So, any shipments on the TMX that aren’t consumed locally will be loaded onto Aframax, double-hulled tankers and escorted through the Vancouver harbour using tugboats and local pilots until they are safely out of the congestion zone. A number of these tankers may actually stop at the Cherry Point refinery in Washington which is looking for heavy oil to process. Other tankers may stop at refineries along the California coast or cross the Pacific to heavy oil markets in Asia. Ultimately though, the purpose is to diversify the customer base and provide a steady source of supply to these other jurisdictions, which in turn will give Alberta producers the Holy Grail of a lower differential to global prices, resulting in the higher royalties and taxes to the provincial and federal treasuries.


Cool, but aren’t we guaranteed to have a spill?


Statistically yes. There is always a chance. But it’s infinitesimal. Let’s look at the record. Since 1961, the existing pipeline has reported 82 spills to the NEB. 70% of these spills have been contained at facilities and the balance are pipeline related. For a pipeline network in service this long, the track record is actually pretty stellar. As for tankers, they have been loading and transporting crude oil from the Westridge terminal since 1956 without a single incident.
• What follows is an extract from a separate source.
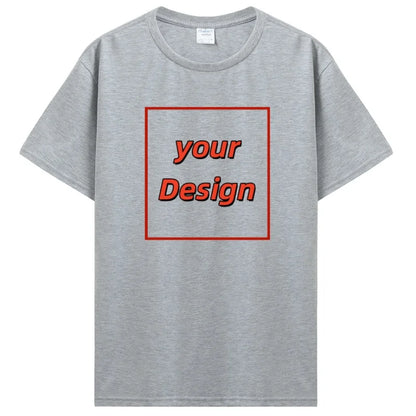 Custom Printed T-Shirt for Kids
The new pipeline will be built to the highest standards of any pipeline ever built. Why? Because it should be and that is how Canadian rules work.
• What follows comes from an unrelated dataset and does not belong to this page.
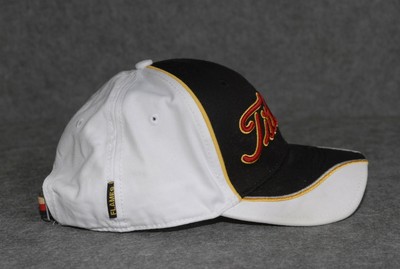 TITLEIST Calgary Flames Golf Cap - NHL - Adjustable Back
A lot of the concern centres around the possibility of a tanker spill and the impact on the coastline and the behaviour of bitumen in colder seawater. Well, all of this was studied and assessed in the NEB hearing stage and forms part of the conditions to building the expansion. The Federal government has established and earmarked funding for the ocean protection plan to the tune of $1. 5 billion over 10 years, to be based in Vancouver and the Company is paying for and developing a top tier land spill response plan, all in response to the BC government’s five conditions that had to be met before they would approve the pipeline.


Even the current B.C. government in their proposed reference to the Supreme Court makes specific mention of spill response and not increased shipments of bitumen. So if that’s the case – provide the guarantee!


What else?


The economic impact of this pipeline is substantial to both B.C. and Alberta, and the rest of Canada. The combined impact on government revenue for construction and the first 20 years of expanded operations is $46.7 billion; revenues that can be used for public services such as health care and education – British Columbia receives $5.7 billion, Alberta receives $19.4 billion and the rest of Canada receives $21.6 billion.


On top of that, the BC government is going to receive payments from Kinder Morgan of $25 to $50 million per year for 20 years or up to $1 billion.


With all of the above and approvals up the wazoo, it stands to reason that Kinder Morgan would feel it is good to move forward.


But, as we know, they aren’t quite yet. But where are we at and what can be done? Well in my world, and most others, it’s going to come down to money. And probably lots of it.



For that reason, I’m not going to belabour all the shenanigans BC is engaged in to obfuscate, delay, frustrate and, in their view, hopefully derail the project. Other pundits have covered that.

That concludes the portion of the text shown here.